World model learning
- The world model can be thought of as a fast simulator of the environment that the robot learns autonomously, despite that the physical robot runs in real environment.
- The world model is based on the Recurrent State-Space Model (RSSM) which consists of encoder, decoder, dynamics and reward networks.
- The encoder network fuses all sensory inputs $x_t$ together into the stochastic representations $z_t$. The dynamics model learns to predict the sequence of stochastic representations by using its recurrent state $h_t$. The reward network predicts task rewards by letting the robot interact with the real world. (It appears that the decoder network is not in use in this paper.)
- All components of the world model are jointly optimized by stochastic backpropagation
Actor-critic learning
The actor-critic algorithm learns a behavior that is specific to the task at hand, in which the actor-network decides which action to take in a given state by maximizing returns, whereas the critic-network evaluates the action by regressing the returns.
Experiments
Experiments are carried out on four different robots with different tasks.

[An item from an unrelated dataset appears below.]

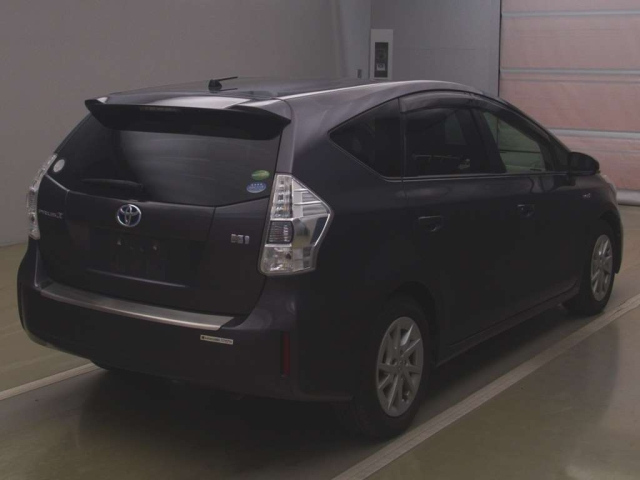TOYOTA PRIUS ALPHA 2012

- Unitree A1 Quadruped Walking
- UR5 Multi-Object Visual Pick and Place
- XArm Visual Pick and Place
- Sphero Navigation
My takeaways
The paper gives a method in which RL can be trained in real environments aside from a simulator. A world model is trained and used for quick updates, and the data collection and learning updates are decoupled. These techniques provide insightful ideas for future reinforcement learning architectural design.
Reproduction of this paper
- Physical robots (May require MuJoCo or Isaac to reproduce due to lack of hardware)
- Games (Easier to reproduce)